◆ MATERIAL PROVIDED
* * * * * * *
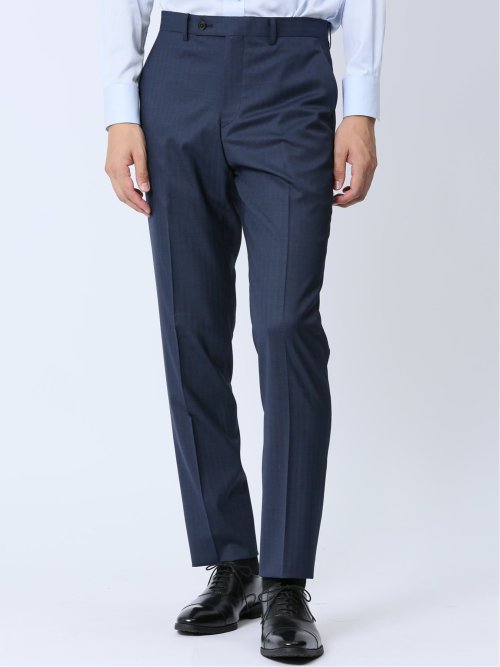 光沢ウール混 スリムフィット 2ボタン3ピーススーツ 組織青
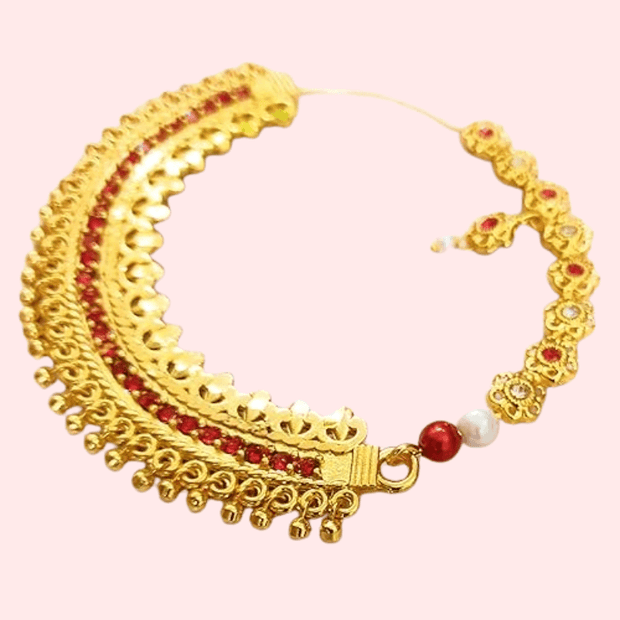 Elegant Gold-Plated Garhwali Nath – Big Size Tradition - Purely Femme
* * * * * * *
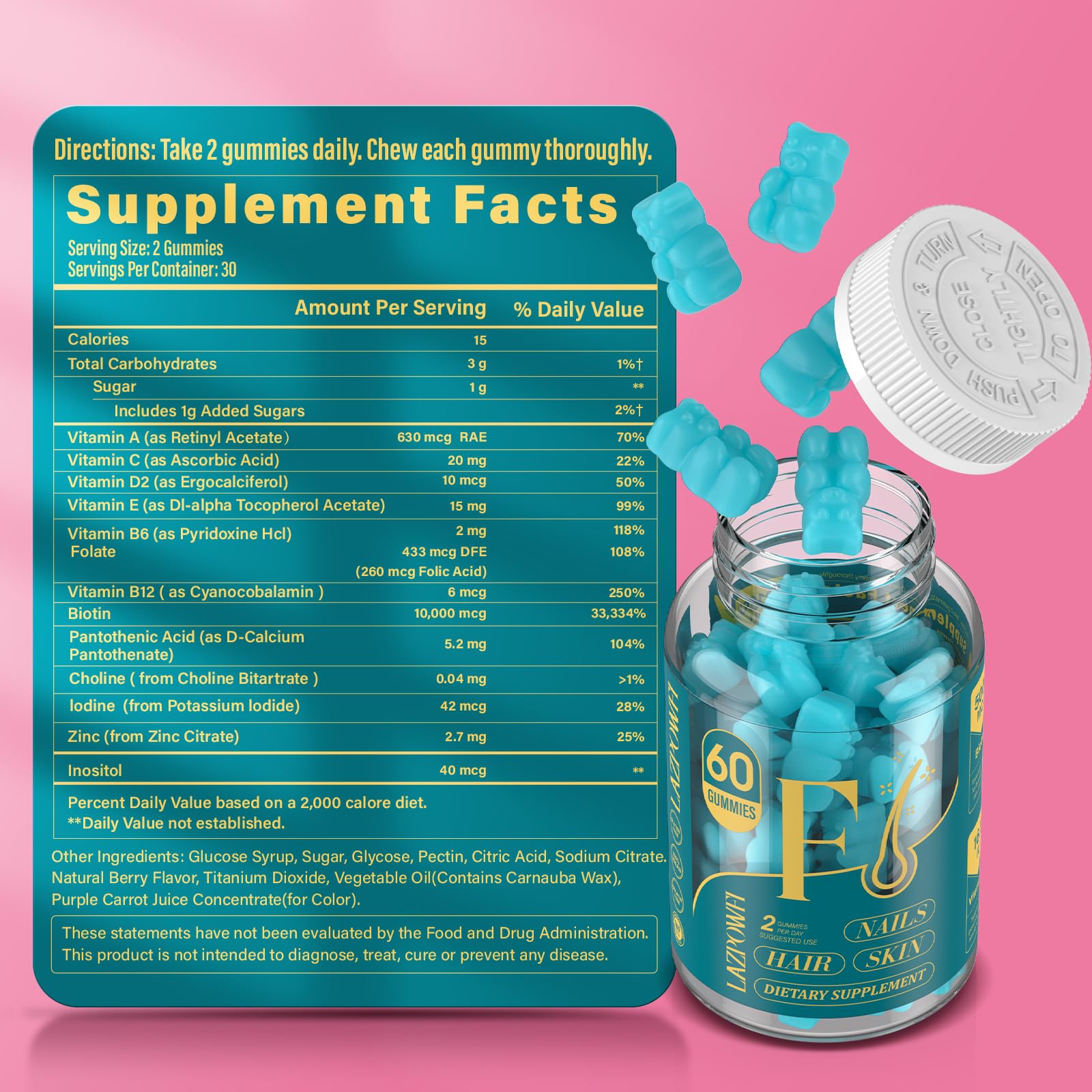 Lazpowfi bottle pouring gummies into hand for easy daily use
* * * * * * *
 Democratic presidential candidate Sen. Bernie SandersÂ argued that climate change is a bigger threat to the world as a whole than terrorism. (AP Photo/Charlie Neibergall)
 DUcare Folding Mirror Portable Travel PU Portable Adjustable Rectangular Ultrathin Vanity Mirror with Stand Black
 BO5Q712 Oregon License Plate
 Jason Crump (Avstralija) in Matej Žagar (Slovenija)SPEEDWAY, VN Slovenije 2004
* * * * * * *
◆ WORK ORDER
Print exactly the lines above from the one with "Democratic presidential candidate" to the one with "Jason Crump (Avstralija)", including both.

◆ YOUR RESPONSE
 Democratic presidential candidate Sen. Bernie SandersÂ argued that climate change is a bigger threat to the world as a whole than terrorism. (AP Photo/Charlie Neibergall)
 DUcare Folding Mirror Portable Travel PU Portable Adjustable Rectangular Ultrathin Vanity Mirror with Stand Black
 BO5Q712 Oregon License Plate
 Jason Crump (Avstralija) in Matej Žagar (Slovenija)SPEEDWAY, VN Slovenije 2004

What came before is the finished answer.